Also of interest would be fastest possible UART Serial boot, which needs some means to ping the Loader (to find tRr), and some upper BAUD speed.
There have been posts around upper Baud speed.

Average effective SCL from the 1.3s EE load window, looks to be ~ 227 kHz
tUr is ~RCSLOW(50ms)+RCFAST(640us+40us)
tUp is ~RCFAST(240ms)
tUd is ~tUr + tUp

With small MCUs price drops, there are more choices around local and PC boot - an 18kB MCU is recently now similar in price to a 24C256, and that MCU can be i2c or UART loader.

Booter Source Code is here

Mike Green · 2017-06-27 20:58

Once the COGINIT synchronizes with the hub, longs are transferred once per hub cycle until 496 longs are transferred. I believe (without checking the P1 FPGA sources) that the remaining 16 locations are also copied while their corresponding system registers are cleared. There's a little additional time for the cog to actually start execution. You'll have to trace through the interpreter and the initialization code if you want to see how long from the COGINIT to the first interpreted Spin bytecode, then further to when the first bytecode in the user's code is executed. The execution times of Spin bytecodes are not absolutely predictable without tracing through the interpreter although you can re-synchronize the cog with the hub using WAITCNT, then reproducibly perform an operation some Spin operations later (if there are no variable length code paths ... IF ELSE)

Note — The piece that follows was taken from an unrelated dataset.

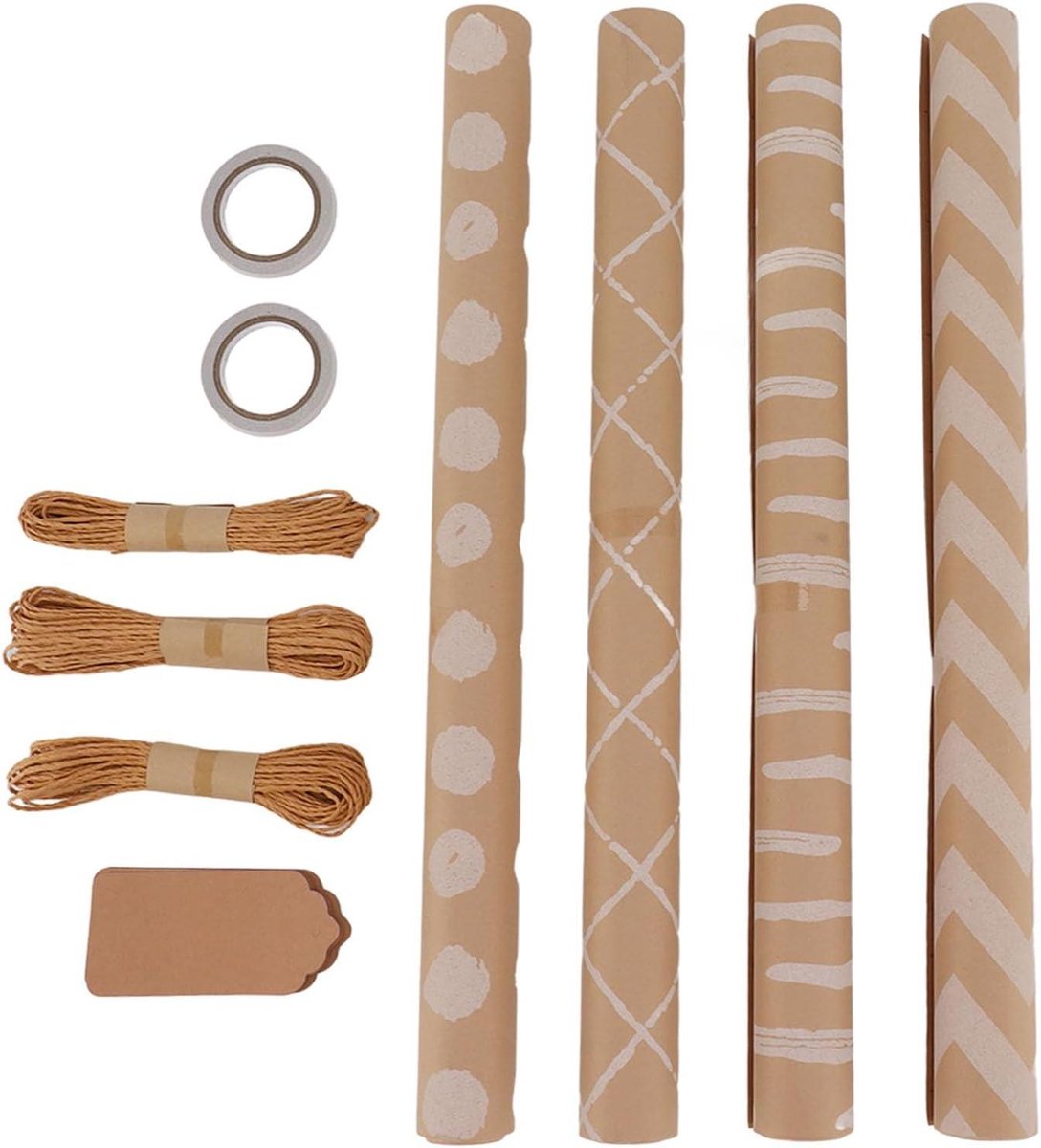 Inpakpapier Set - Kraft Papier Rollen - Geschenken Verpakken - Sterk En Scheurvast - 4 Rollen - Geel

PASM is different. By using conditional execution, you can have deterministic conditional code paths. Have a look at some of the video drivers for examples. The I2C driver for FemtoBasic also uses this.

jmg · 2017-06-27 22:24

There is also this thread :

http://forums.parallax.com/discussion/132417/faster-eeprom-booting

Mentions that tUd above, can be skipped by RXD=L

and visible in the current profiles of P8X32A-Propeller-Datasheet-v1.4.0_0.pdf
8.6. Current Profile at Various Startup Conditions

are the various time delays.

Cluso99 · 2017-06-27 23:11

For reference, the hub cycles at 16 clocks, not 8 clocks.
It's been a while since I looked at the booter code. As Mike said, after the 496 cog registers are copied, the last 16 special registers are cleared. Then the Interpreter is run from cog $000.

IIRC, the oscillator is not changed until the Interpreter runs. So up to this point, everything is executing at the internal RC Oscillator speed. This oscillator has a wide range, and this will make the timing to start quite difficult to calculate a time to start range.

Dave Hein · 2017-06-28 00:00

I tried the following test program.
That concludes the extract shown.